_Problem statement:_
Below are the entries; give again exactly the lines from the one mentioning "Nordmann kerstbomen Gezaagd" through the one mentioning "Celina Jaitly Gives", inclusive.

_Material provided:_
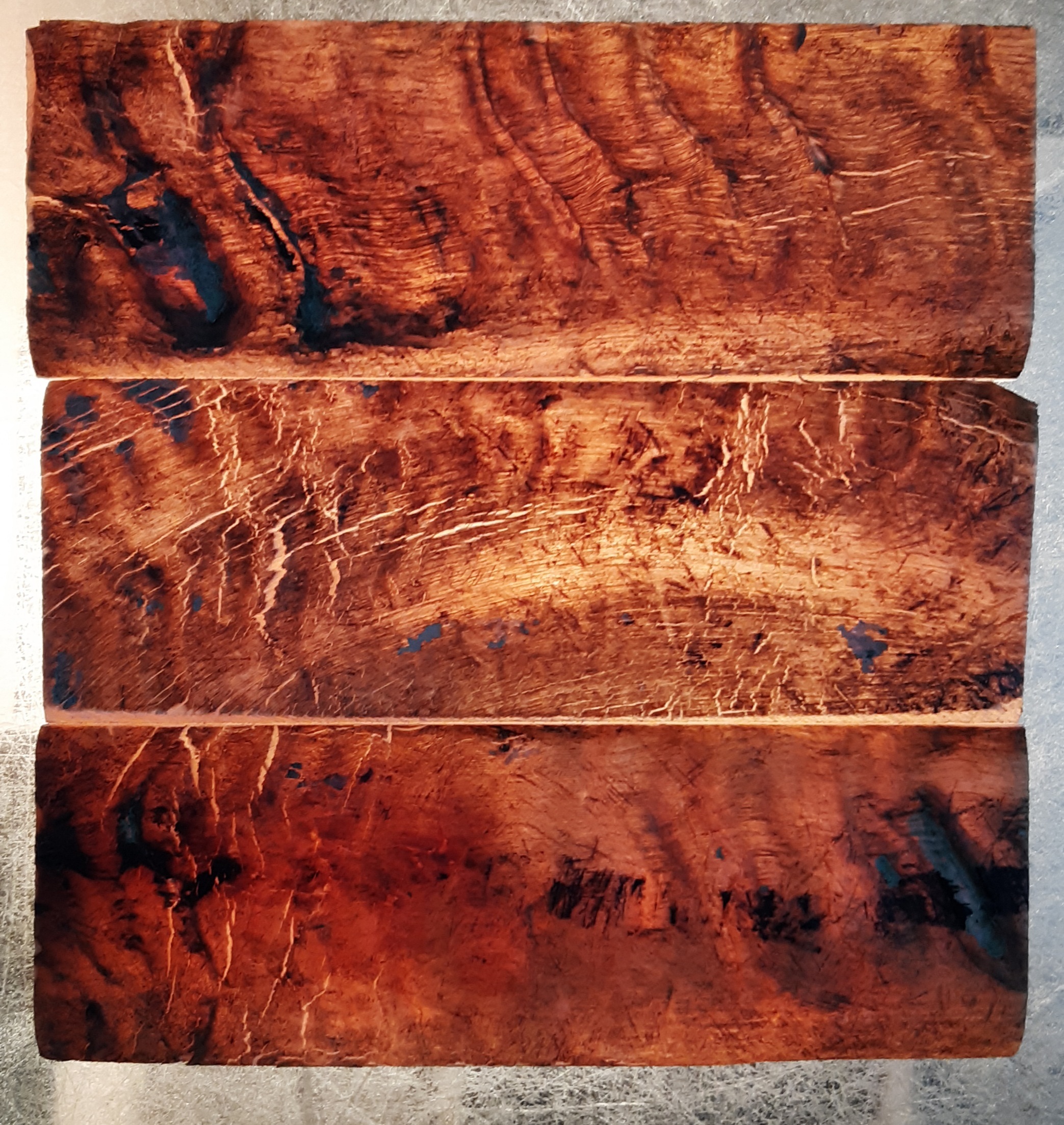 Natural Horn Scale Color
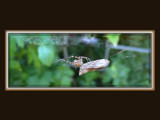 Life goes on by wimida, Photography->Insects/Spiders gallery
* * *
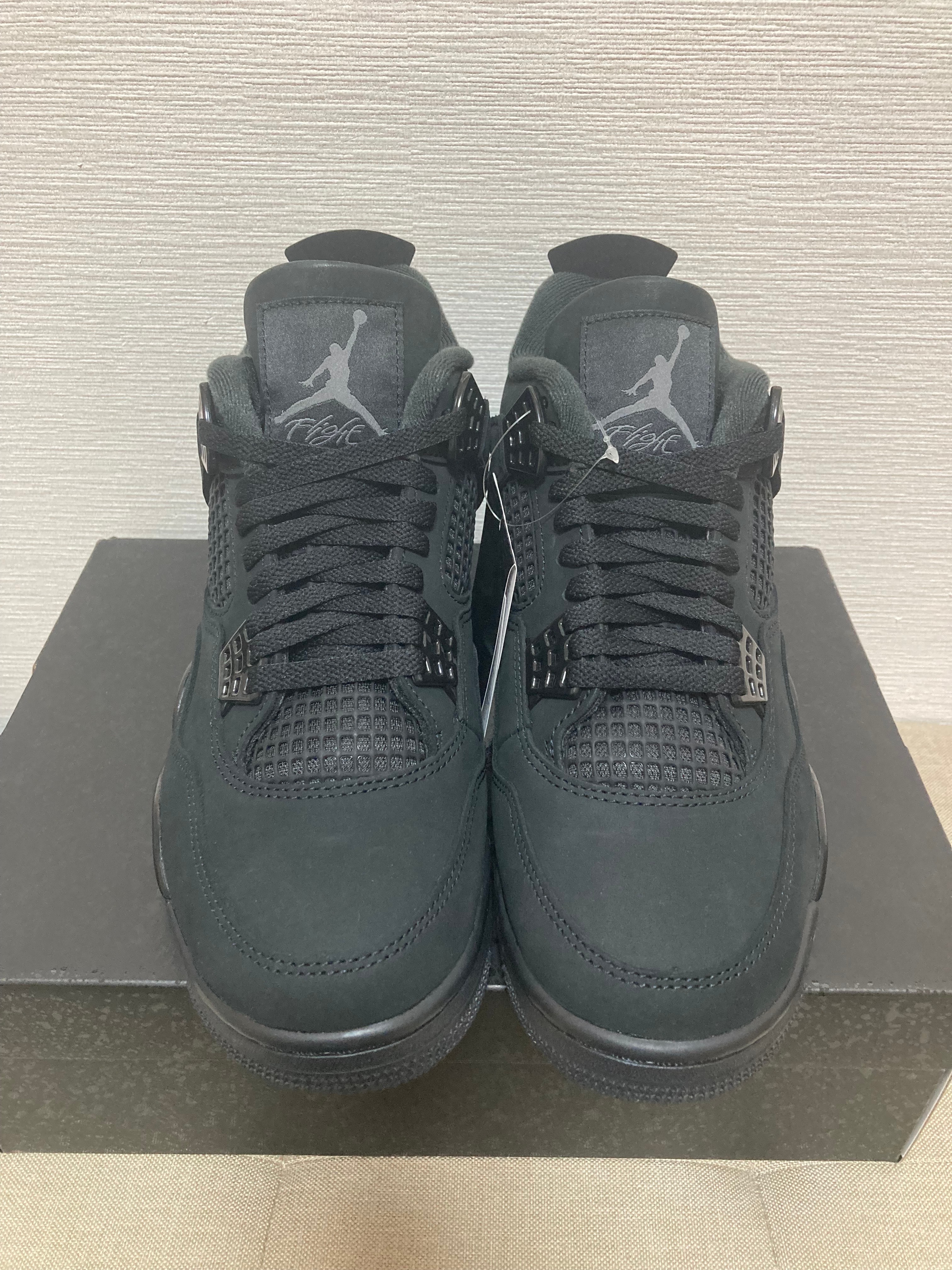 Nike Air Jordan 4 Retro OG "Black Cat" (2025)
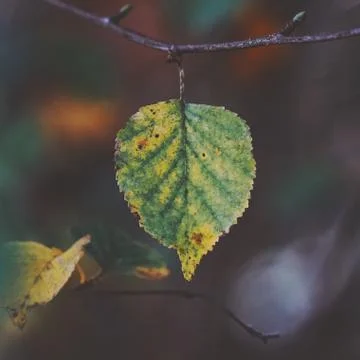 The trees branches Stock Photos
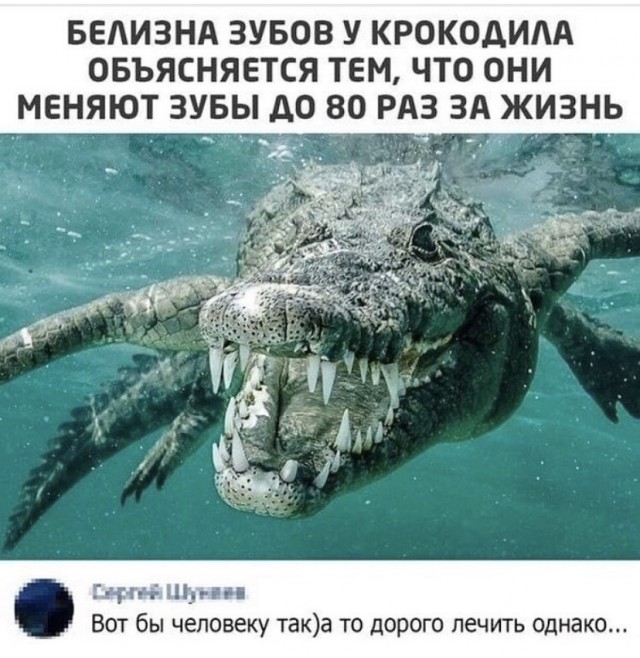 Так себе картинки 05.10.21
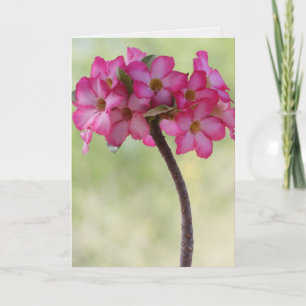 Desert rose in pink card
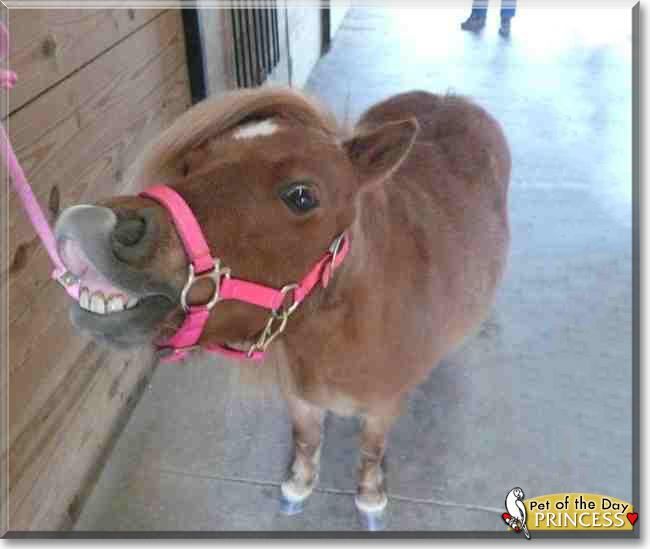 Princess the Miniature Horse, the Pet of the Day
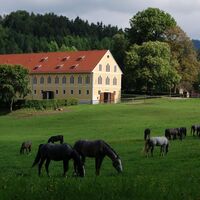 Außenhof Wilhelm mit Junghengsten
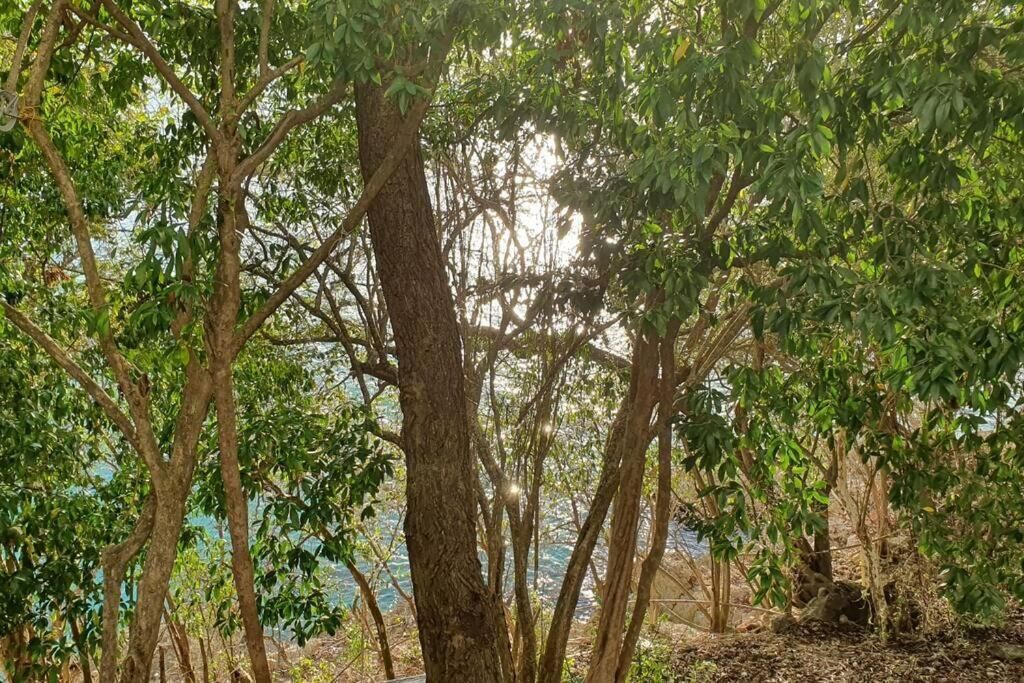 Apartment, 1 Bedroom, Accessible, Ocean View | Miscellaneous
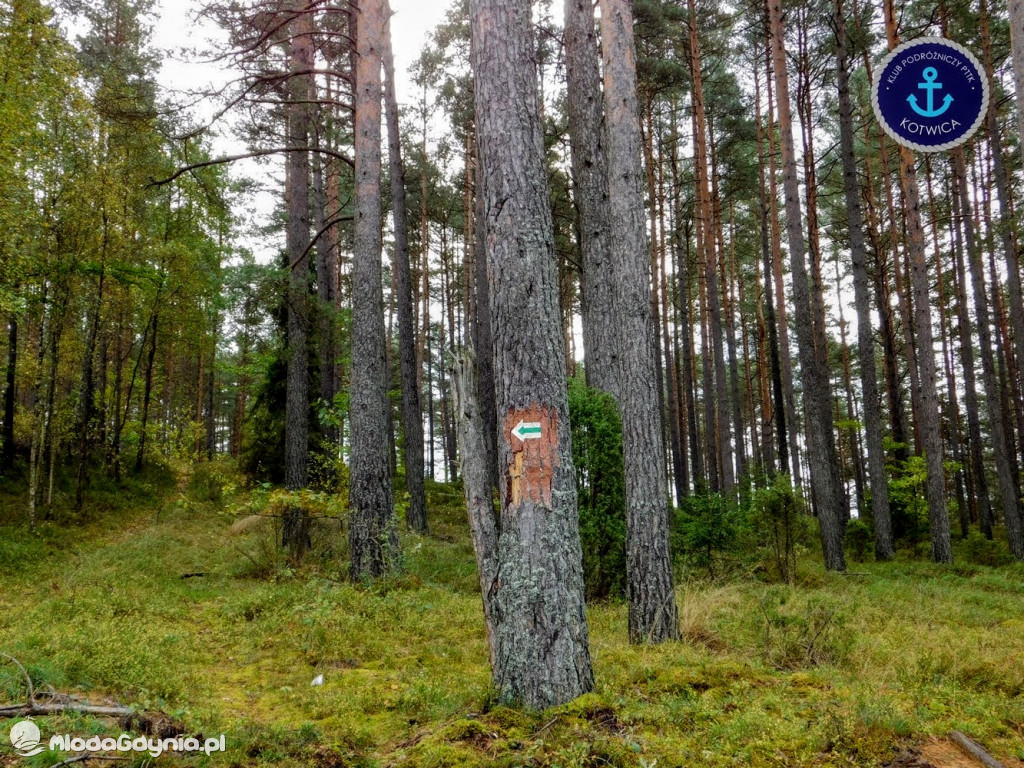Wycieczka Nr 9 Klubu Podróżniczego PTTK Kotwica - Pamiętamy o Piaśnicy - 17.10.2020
--
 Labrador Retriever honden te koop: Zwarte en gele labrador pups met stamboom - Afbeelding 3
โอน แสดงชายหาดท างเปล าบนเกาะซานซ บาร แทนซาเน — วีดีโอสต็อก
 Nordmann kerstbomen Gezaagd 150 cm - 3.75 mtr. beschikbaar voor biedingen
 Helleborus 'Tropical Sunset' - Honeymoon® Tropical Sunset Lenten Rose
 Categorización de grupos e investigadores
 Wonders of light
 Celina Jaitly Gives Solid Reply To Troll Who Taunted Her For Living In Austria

_Problem solution:_
 Nordmann kerstbomen Gezaagd 150 cm - 3.75 mtr. beschikbaar voor biedingen
 Helleborus 'Tropical Sunset' - Honeymoon® Tropical Sunset Lenten Rose
 Categorización de grupos e investigadores
 Wonders of light
 Celina Jaitly Gives Solid Reply To Troll Who Taunted Her For Living In Austria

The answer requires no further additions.